#### Material for this task ####

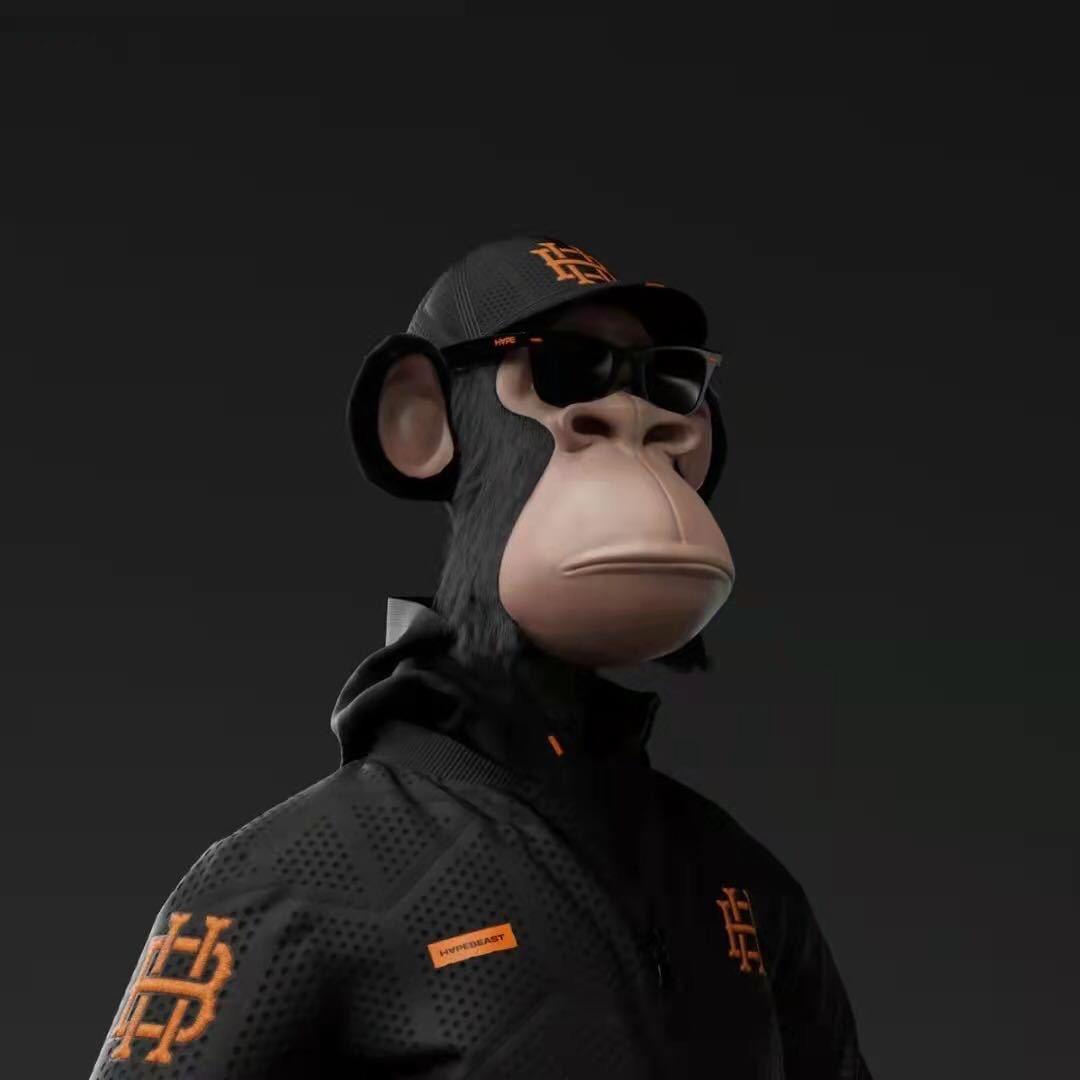 彬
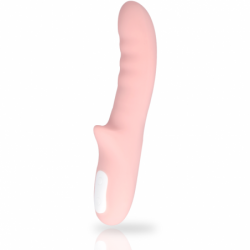 MIA - VIBRADOR PISA ROSA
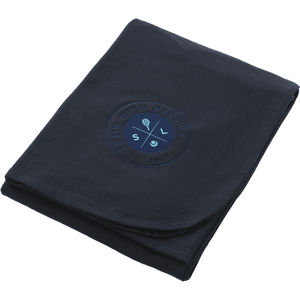 Oxford Blue AIM-1712282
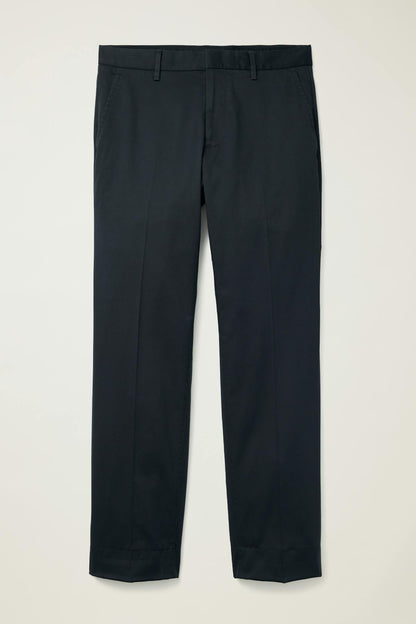 Bonobos Weekday Warrior Dress Pants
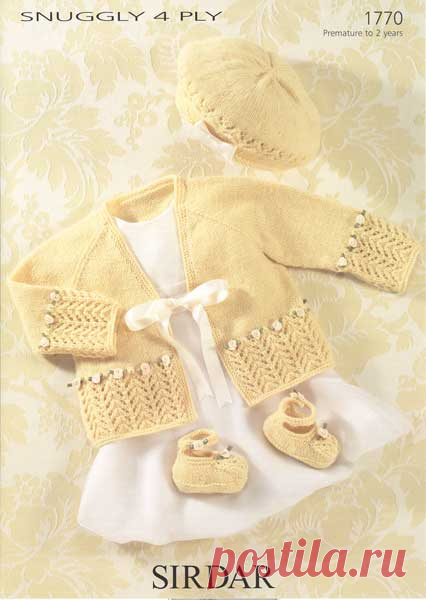 1770-snuggly-4ply.jpg (426×600)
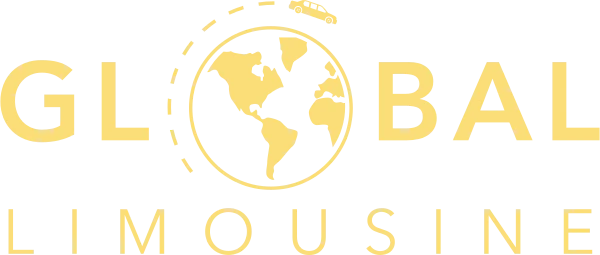 Global Limousine logo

####

Your answer must be the full listing, word for word, minus any images.

== Reply to the exercise ==
 彬
 MIA - VIBRADOR PISA ROSA
 Oxford Blue AIM-1712282
 Bonobos Weekday Warrior Dress Pants
 1770-snuggly-4ply.jpg (426×600)
 Global Limousine logo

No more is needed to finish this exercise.